Task to carry out: An exact transcription of all the records below is required, without any images.

Exercise data:
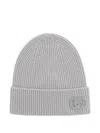 Gucci Gg Ribbed-knit Cashmere Beanie Hat In Gray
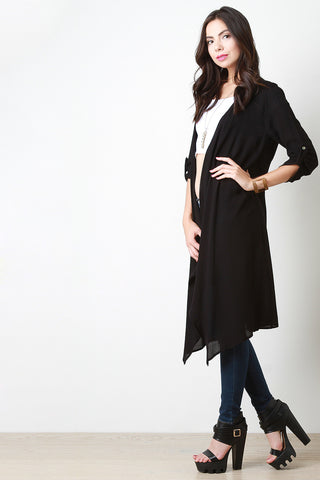 Crinkle Quarter Sleeves Open Front Longline Cardigan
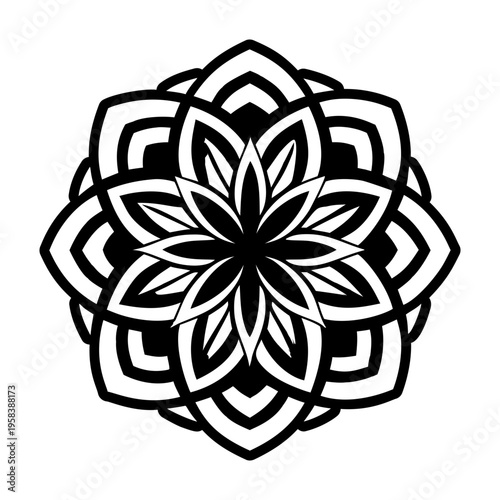 A filled style icon of floral geometry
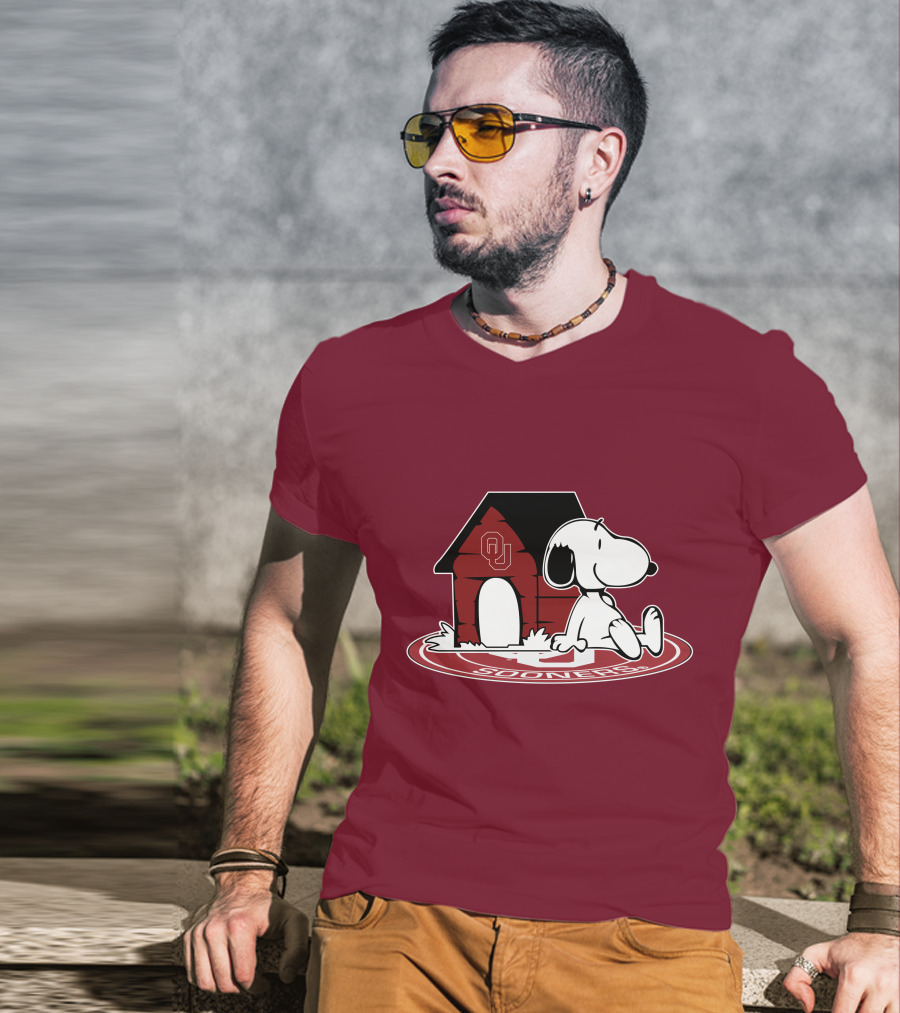 Snoopy Oklahoma Sooners Football Fan Now And Forever T-Shirt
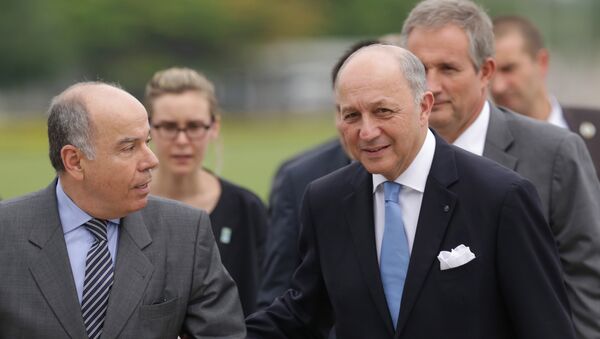 Ministro de Exteriores de Brasil, Mauro Vieira, y ministro de Exteriores de Francia, Laurent Fabius - Sputnik Mundo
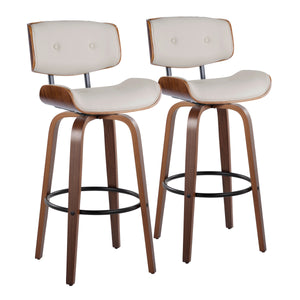 English Elm Lombardi Mid-Century 30" Fixed-Height Swivel Barstools, Walnut & Cream Faux Leather, Set of 2 B202S00611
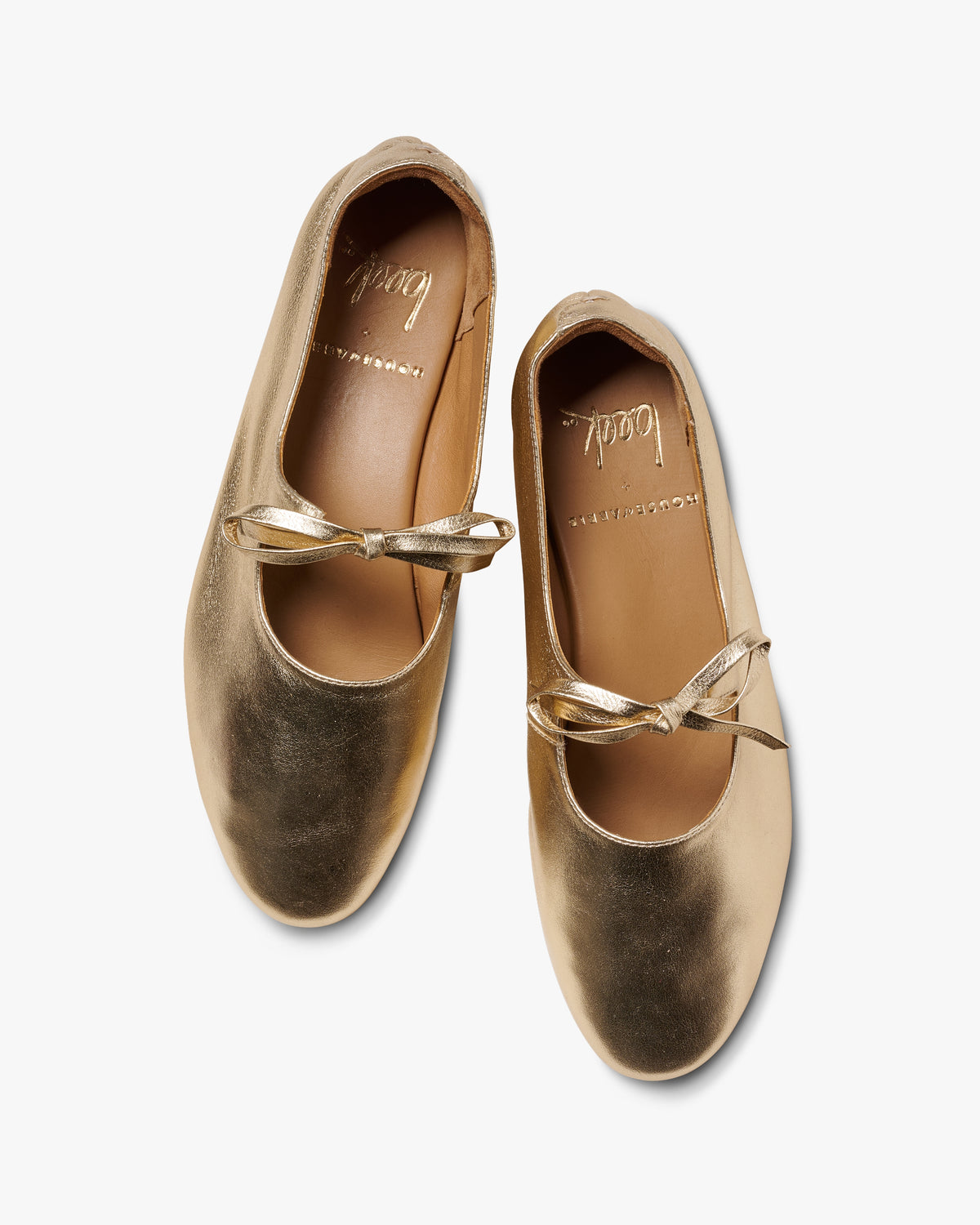 Crane Bow leather mary jane shoes in gold - product top shot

Response:
 Gucci Gg Ribbed-knit Cashmere Beanie Hat In Gray
 Crinkle Quarter Sleeves Open Front Longline Cardigan
 A filled style icon of floral geometry
 Snoopy Oklahoma Sooners Football Fan Now And Forever T-Shirt
 Ministro de Exteriores de Brasil, Mauro Vieira, y ministro de Exteriores de Francia, Laurent Fabius - Sputnik Mundo
 English Elm Lombardi Mid-Century 30" Fixed-Height Swivel Barstools, Walnut & Cream Faux Leather, Set of 2 B202S00611
 Crane Bow leather mary jane shoes in gold - product top shot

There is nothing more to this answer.